Ask Ann: Bride Etiquette

Dear Ann,
We have set our date for our wedding for 9/10/05 and I have a question. Is it necessary (or just a good idea) to send “save the date” cards or should we just send them for people coming from out of the state? Is it OK to do by e-mail?

Ann: Yes, do it immediately (yesterday!), for everyone, not just out of staters. With only six months to go, do it by e-mail if possible and send notices by U.S. Mail to those not online. It can be as simple as a postcard or a phone call. Blut these days, with everyone booking up so rapidly, a “save the date” notice is a must. All you need to put on it is:

Save the Date!
The wedding of
Jane Smith and Jon Doe
September 10, 2005
A formal invitation will follow in the summer.

Dear Ann,
We want to do a simple ceremony and are not having a large wedding party. Does the maid of honor walk down the aisle alone because the best man is standing with the groom?

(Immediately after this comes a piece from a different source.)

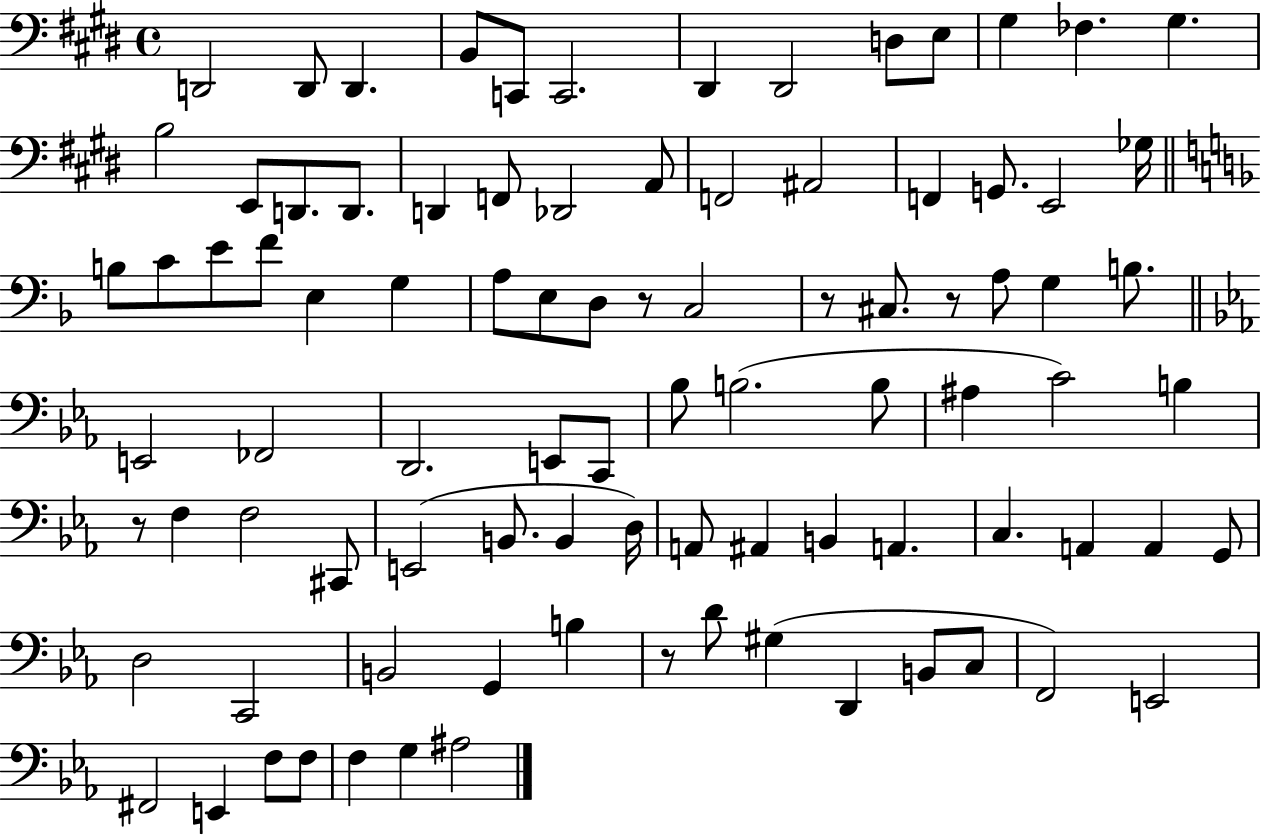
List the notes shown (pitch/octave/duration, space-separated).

D2/h D2/e D2/q. B2/e C2/e C2/h. D#2/q D#2/h D3/e E3/e G#3/q FES3/q. G#3/q. B3/h E2/e D2/e. D2/e. D2/q F2/e Db2/h A2/e F2/h A#2/h F2/q G2/e. E2/h Gb3/s B3/e C4/e E4/e F4/e E3/q G3/q A3/e E3/e D3/e R/e C3/h R/e C#3/e. R/e A3/e G3/q B3/e. E2/h FES2/h D2/h. E2/e C2/e Bb3/e B3/h. B3/e A#3/q C4/h B3/q R/e F3/q F3/h C#2/e E2/h B2/e. B2/q D3/s A2/e A#2/q B2/q A2/q. C3/q. A2/q A2/q G2/e D3/h C2/h B2/h G2/q B3/q R/e D4/e G#3/q D2/q B2/e C3/e F2/h E2/h F#2/h E2/q F3/e F3/e F3/q G3/q A#3/h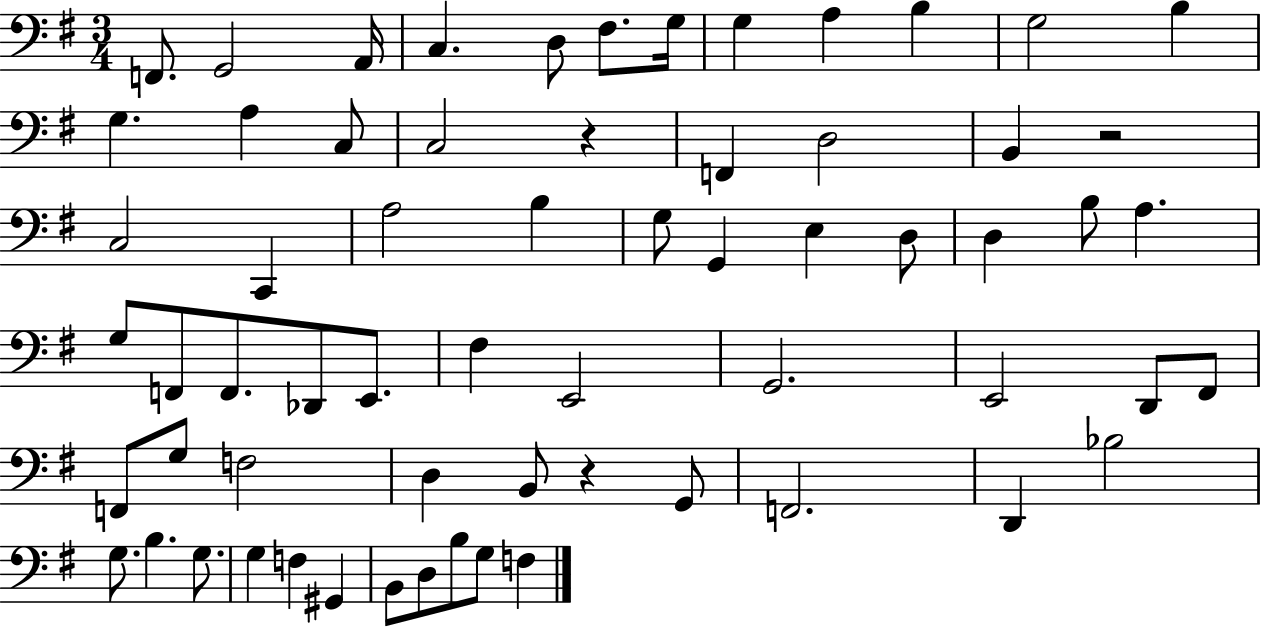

Ann: Yes, for the processional, traditionally, any and all of the women in the wedding party walk down the aisle alone (or in pairs with other bridesmaids if you are having, says, 20 bridesmaids). The bride is usually escorted by her father or close male family member.

Traditionally, the women are never paired up with the men during the processional. However, after the ceremony, then comes the recessional and that is when the women pair up with the men and walk back down the aisle, symbolizing the marriage that has just taken place.

Dear Ann,
My 13-year-old niece will be my junior bridesmaid and the groom doesn’t have anyone for a junior groomsman, so does she walk by herself?

Ann: Yes, it is fine for her to walk alone during the recessional. Yet, she may also walk back in the recessional with an usher/groomsman if you have an “extra man” who is not paired up with a bridesmaid, even if he is older than she.

I also have two nieces who I want to include in the wedding. Can they both be flower girls?

Ann: Yes, just be wary of their ages. If they are between age 5 and 9, they should be OK. But, if much younger, it can be hard on some kids and they may “react.” Also, ask them ASAP, as you have only six months to go!

Dear Ann,
I am thinking of having my mother as my maid of honor because I do not have a sister of close cousin, and did not want to choose between my two very good friends. Also, my mother is my best friend.

Ann: You have another option. You could have two maids of honor so you would not have to choose between your two good friends, and then your mother could retain her role as hostess and mother of the brides, which is a very important role that only she can fill.

Ultimately it is a decision between you and her. Having your mother as matron of honor may also mean making decisions about her attire. Many women don’t feel comfortable in bridesmaid-dress styles that are suited to younger women.

Dear Ann,

Our wedding reception will be over at 5 p.m., so what do we do to entertain our guest after?

Ann: Having nothing afterwards is fine. However, here are some options if your parents want to host a gathering while you two newlyweds take off for some alone time:

1. Each set of parents could have their own party. Your parents would have the guests from your side and the groom’s parents would have the guests from their side back to their respective houses for light fare.
2. The parents can all get together and arrange a simple post-reception party for all guests at some nearby location or at one of their homes.
3. Find a local pub that is open, but will not be terribly crowded at 5 p.m.-6 p.m., and tell everyone to meet there. This usually draws the younger crowd. People order snacks, food and drink, just as they would if they were meeting up for a night of fun, so no organization is involved except to perhaps give the pub owner a heads up that there might be a large group showing up around 6 p.m.

Dear Ann,
What are some of the considerations or details I should check out regarding limousines beyond what is on the contract?

Ann: Check on the color of your vehicles. The traditional limo is black, not white. (You wouldn’t see a president of the United States is a white limousine.) White became popular in the 1980s, but if one is a purist, one may prefer black.

Ask if the chauffeur is attired in livery (traditional) or in a tux (modern).

Be sure to get protective child car seats if any young children are in the wedding party.

Make sure you want their offerings. Most limo companies offer champagne when the couple reaches the vehicle after the ceremony, but many question that for two reasons:
1. It is awkward for the couple to drink in front of guests in the parking lots, as those guests cannot join them in a drink. (The chauffeur only brings enough champagne for the couple.)
2. If a church is involved, many question the appropriateness of imbibing alcohol in front of a house of worship.